A record number of female candidates are expected to stand in next month’s UK general election.
More than 1,100 women have registered as candidates across political divides, making up 34 per cent of the total number of candidates. This number marks a 5 per cent increase from 29 per cent in 2017.
While more women than ever are standing as political candidates in the UK at this election, 34 per cent remains a long way from gender parity.
Some political parties, most notably Labour, have increased their percentage of female candidates markedly, while others have barely increased their female representation since the last election in 2017.
In a first for a major political party in the UK, more than half of all Labour’s candidates are women. The party is backing a total of 631 candidates in the election, 333 are women, at total of 53 per cent. This is an 11 per cent increase from the last election in 2017, when 42 per cent of Labour candidates were women.
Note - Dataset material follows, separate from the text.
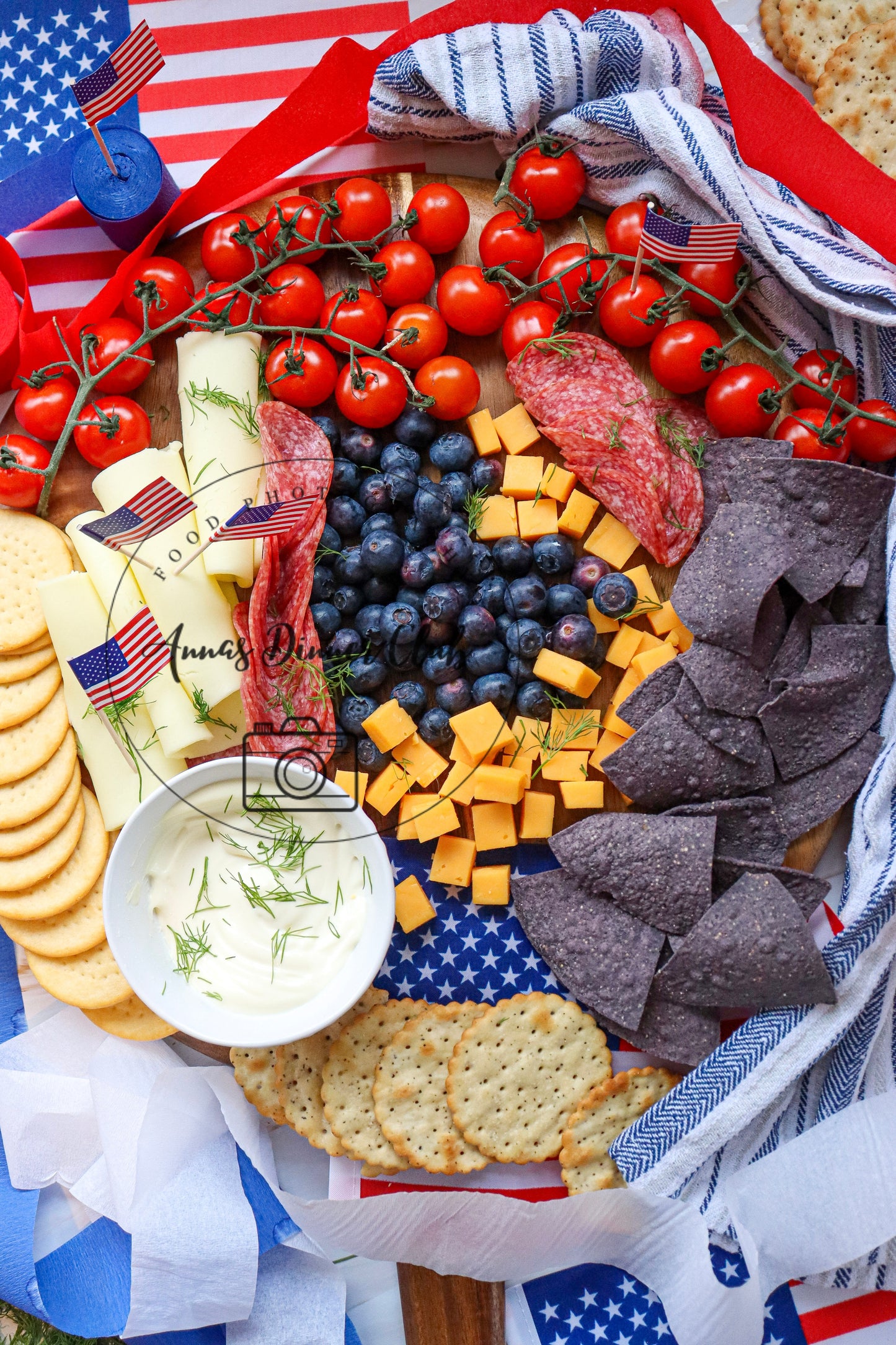 Patriotic Charcuterie Board PLR set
For the Conservatives, 190 of their 635 candidates are women, making up 30 per cent of their candidates, a very small 1 per cent increase from 2017.
Women make up 31 per cent of the Liberal Democrats’ candidates, while the Brexit Party has the smallest representation of female candidates, 54 of their 275 candidates are women, making up just 20 per cent.
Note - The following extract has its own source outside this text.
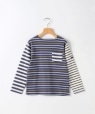 SHIPS KIDS:80�`90cm /�N���C�W�[�p�^�[�� �{�[�_�[ �����O�X���[�u T�V���c �l�C�r�[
The Greens have 41 per cent female candidates, the second highest number among political parties. The Scottish National Party (SNP) has 34 per cent women candidates.
Frances Scott, the founder and director of 50:50 Parliament, says despite the increase of women candidates, there’s still work to be done.
“The fight for political equality is still on,” she told the Guardian. “Our parliament should draw upon the widest pool of talent, including the 32 million women in the UK – their contributions are just as valuable as men’s.
“Since women could first stand in a general election, over 5,000 MPs have been elected, of which less than 500 have been women.”
The news of record numbers of female candidates in the UK comes just as it has been revealed women have featured in just 18 per cent of election coverage so far. The lack of media coverage for women prior to the election exists despite the leading roles women hold in a number of the UK’s political parties.